Let us suppose, however, that some dreadful event damages one EU economy and not the others. Without the freedom to devalue, EU transfer payments or labour mobility, how could one avert the mass unemployment that might threaten the political foundations of EMU? The answer is to use national fiscal policy. Each government remains free to increase its budget deficit to stimulate demand.

But surely the "Growth and Stability Pact" of 1996 removes that freedom? The pact says that budget deficits should be kept to 3% of GDP, and raises the prospect of fines for governments which transgress. The thinking behind the pact makes sense: if a country runs a deficit as high as 3% during an economic boom, it has little spare room to expand demand in recession. The useful part of the pact is that it establishes the procedures for finance ministers to discuss each others' budgets: peer-group pressure will discourage governments from embarking on unwise spending sprees. But the provisions which allow governments to be fined - if they run a deficit of over 3%, outside a recession - were unwise, for they make the pact appear much more draconian than in practice it will be. A close reading of its wording makes it clear that EU finance ministers have complete freedom whether or not to apply fines. The finance ministry officials charged with making the pact work say that it is inconceivable that governments would actually fine each other.

Provided that governments are free to alter their fiscal stances, the EU can cope with asymmetric shocks, or indeed economic cycles that are out of sync (economies that are subject to a single monetary policy will in any case tend to follow similar cycles). As David Currie notes in "Will the euro work?" (EIU, 1998): "Many countries in Europe have lived for years without fiscal federalism [significant EU transfer payments] and with a locked exchange rate against the D-mark; life in EMU will not seem very different."

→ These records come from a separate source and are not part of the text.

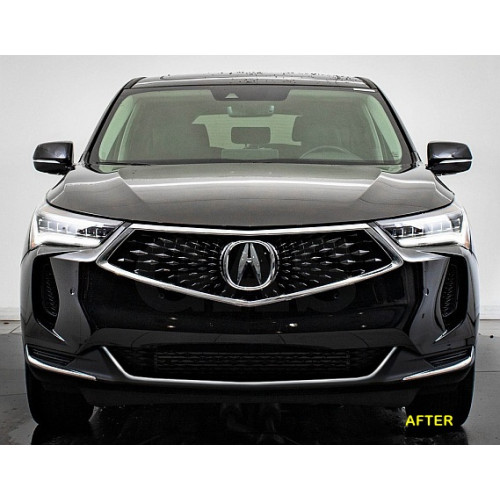 Front Lower Chrome Bumper Trim for 2022-2025 Acura RDX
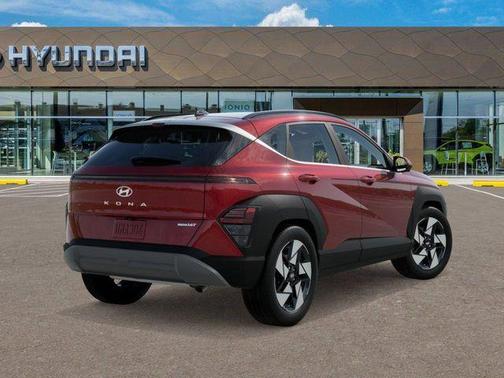 Red Metallic 2026 Hyundai KONA SEL Sport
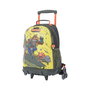 Totto Mochila Escolar con Ruedas Grande MJ03BWM003-2310-4DJL Gris, Amarillo Infantil 25.1L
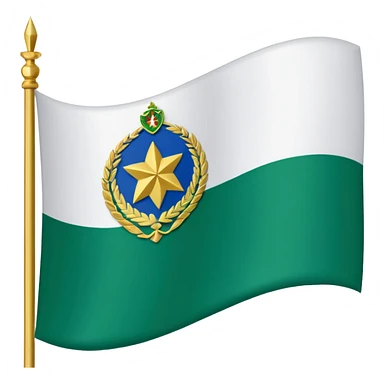 Флаг Башкортостан sticker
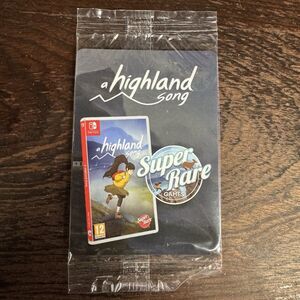 A Highland Song SRG #130 Super Rare Games Sealed Trading Card Pack SRG Exclusive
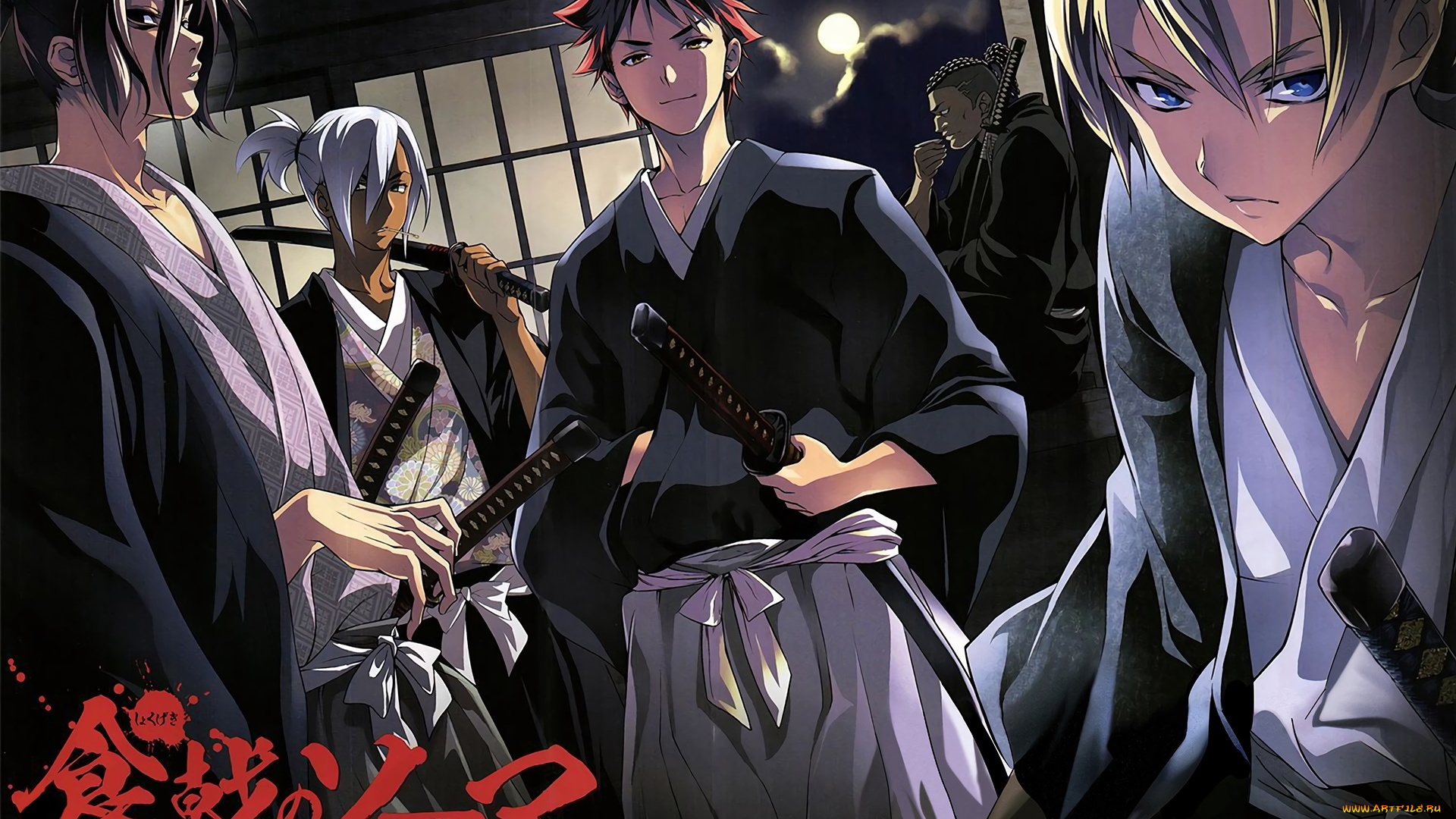 shokugeki, no, soma, аниме, shokugeki, no, soma, food, wars, персонажи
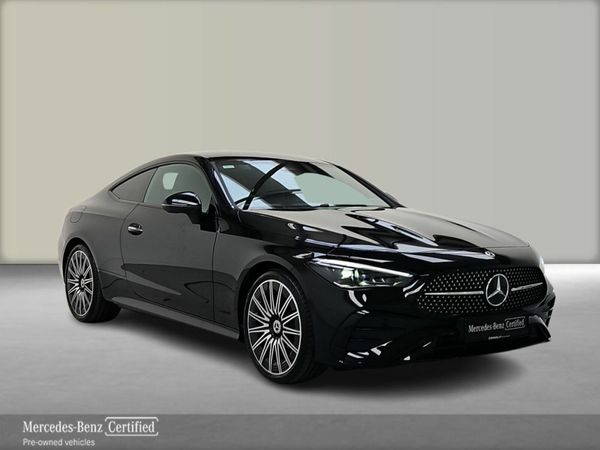 Mercedes-Benz CLE Coupe, Diesel, 2025, Black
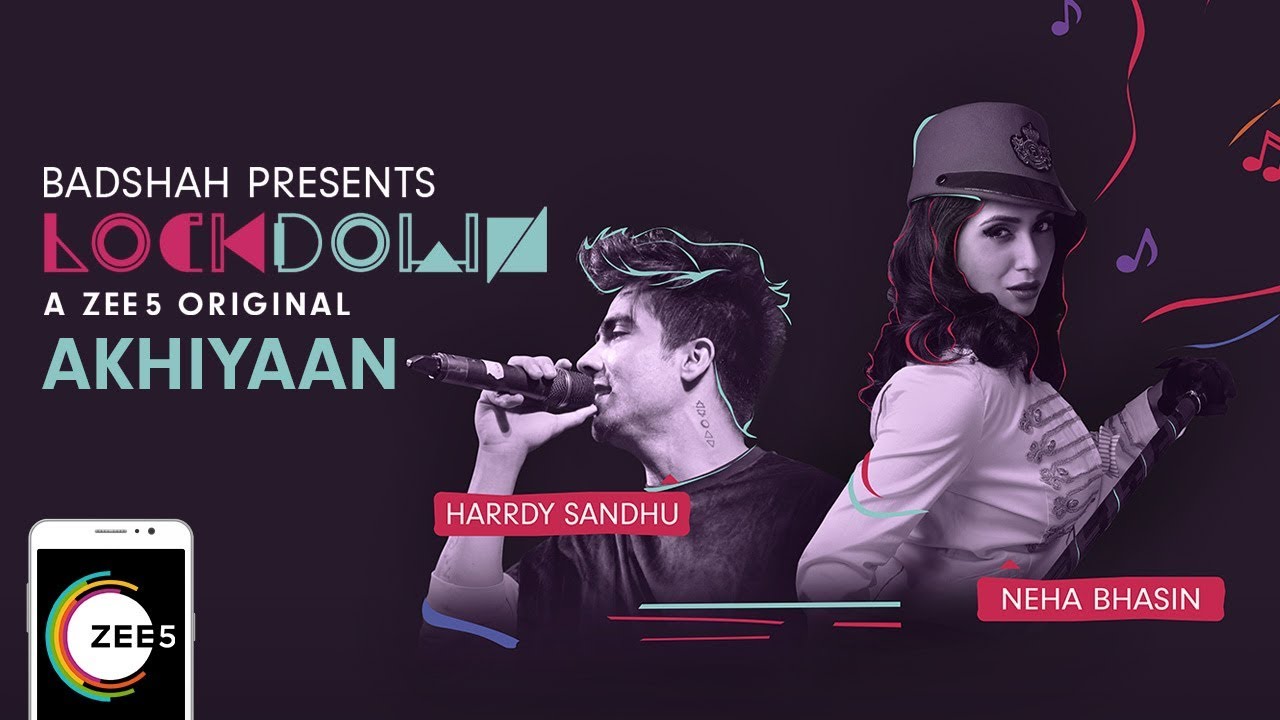 Akhiyaan Promo  Lockdown  Neha Bhasin Harrdy Sandhu  A ZEE5 Original  Premieres 31st August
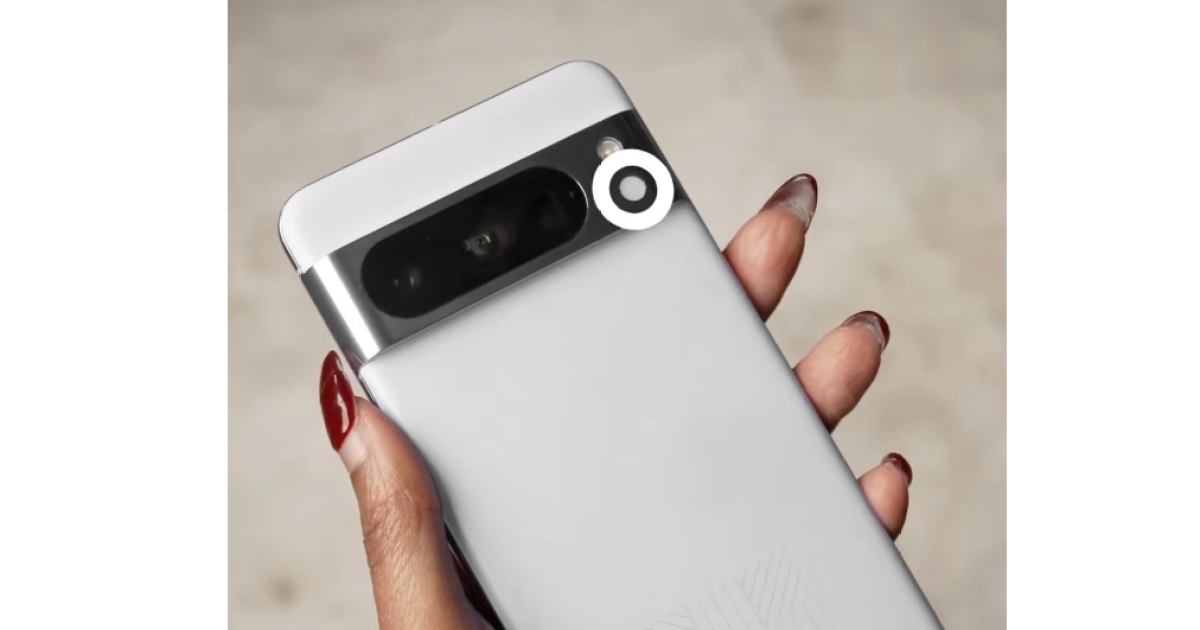 Uncover the Stunning and Dynamic Google Pixel 8 Wallpapers Leaked - Get Yours Now! 9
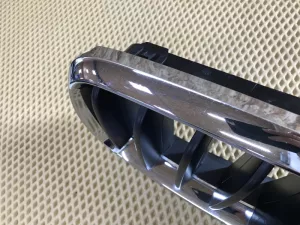Решетка радиатора левая BMW X5 F15/F85 2013-2018 (ЧЕРНАЯ 7316075) — фото 10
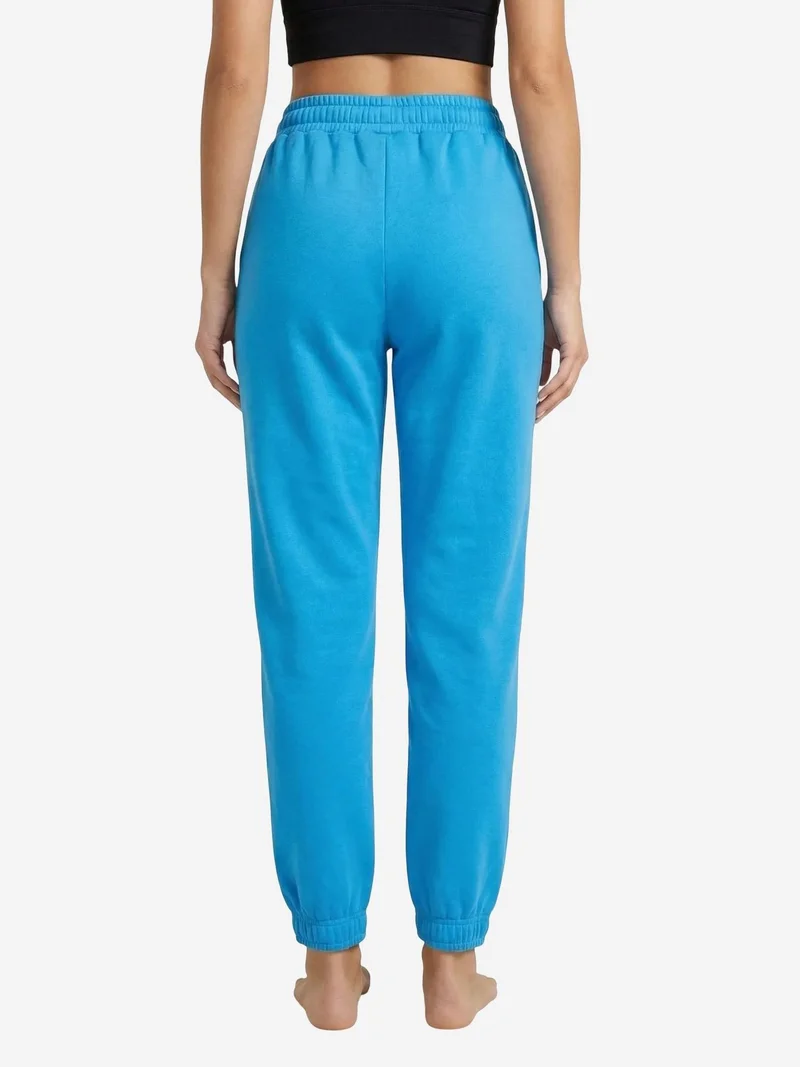 My Fashion Maya Blue MY FASHION Elastic Waist Jogger Sweatpants for Women | Best Price UAE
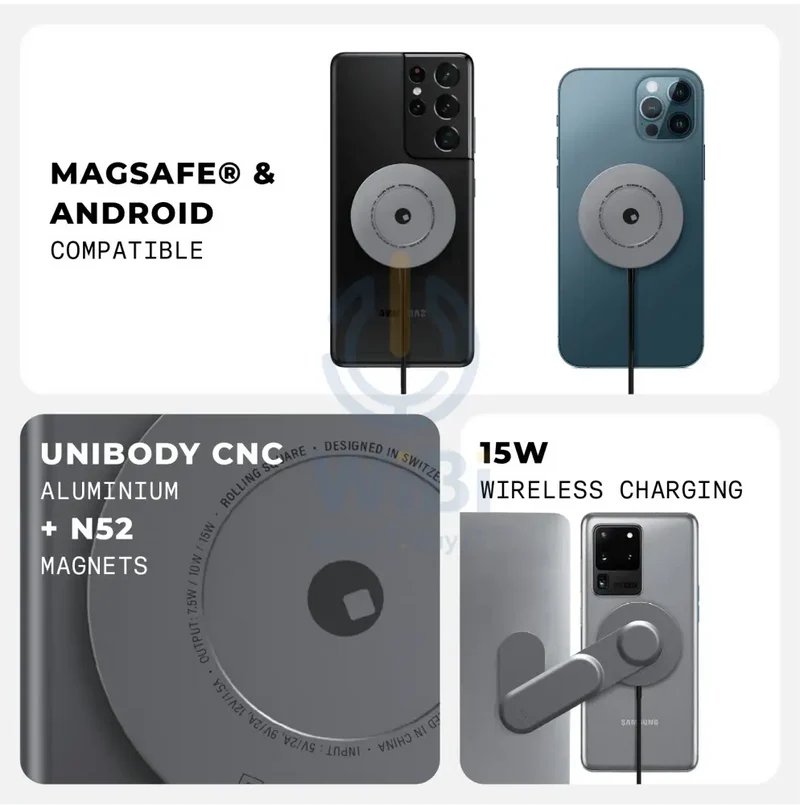 Rolling Square EDGE Full Kit - Basalt Grey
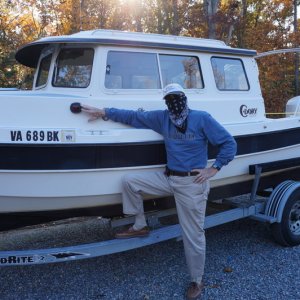 Occoquan Boat finds new home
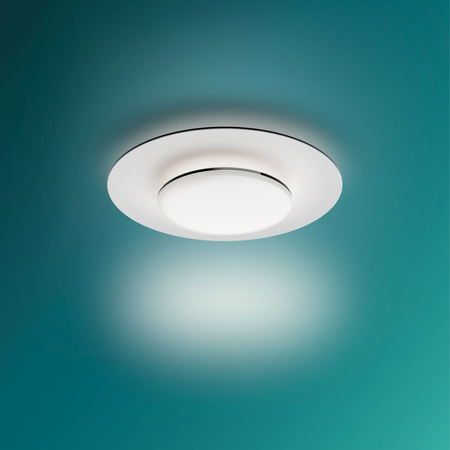 LED-Deckenleuchte Plafond 30W 3100lm 2700K Schwarz Granat Philips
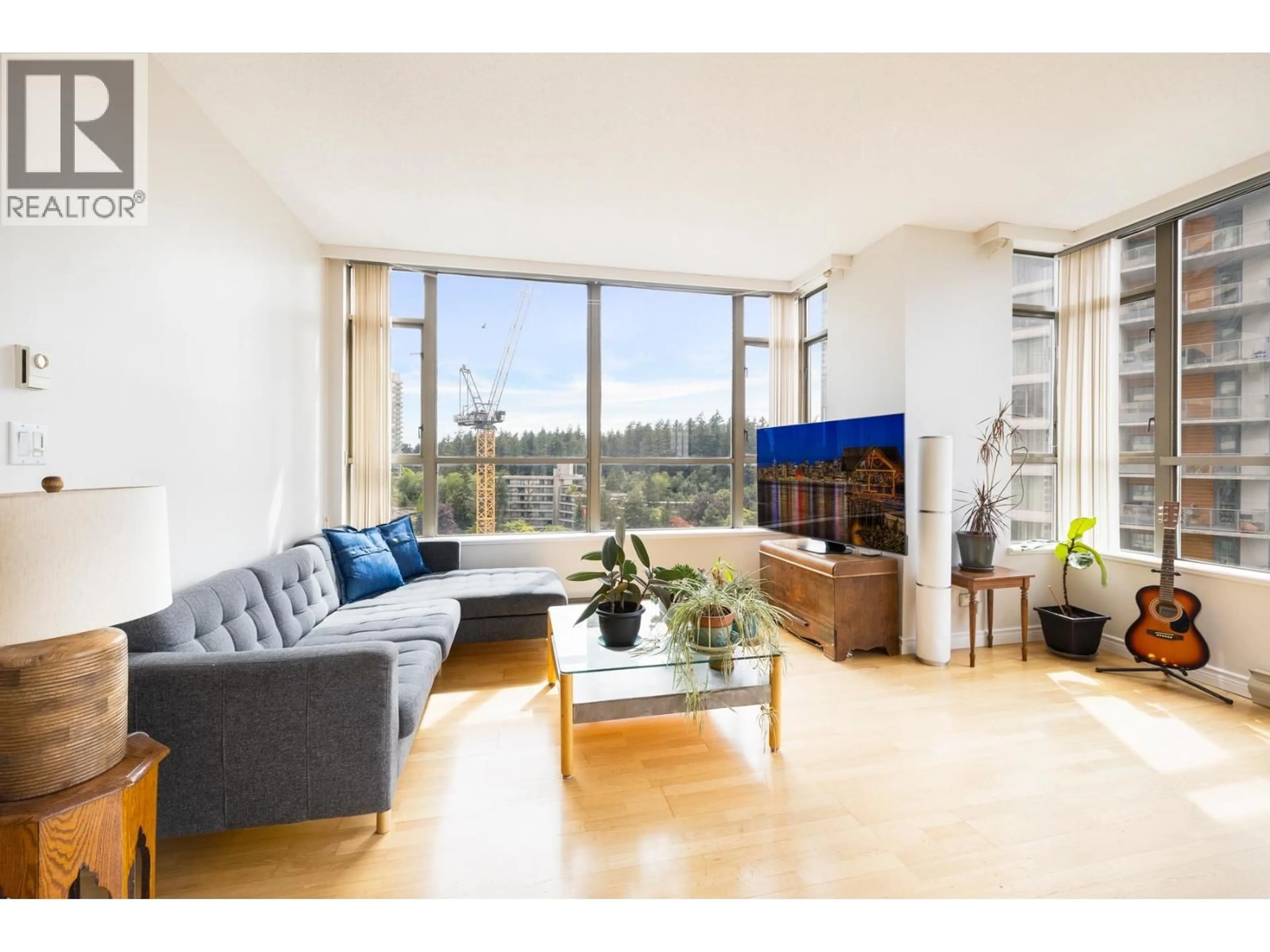 Living room with furniture, unknown for 1106 - 5885 OLIVE AVENUE, Burnaby British Columbia V5H4N8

Nor is labour mobility a precondition of a successful EMU - so long as labour markets are flexible (mobility should not be confused with flexibility, which is about reducing the non-wage costs of employment, moderating the bureaucratic hurdles to taking on or laying off staff and ensuring that wage structures are not too rigid). The general trend on the continent is for more flexible labour markets. Certainly some of the continental economies will have to move further in that direction if they want to reduce unemployment. But that is the case whether or not they are in EMU.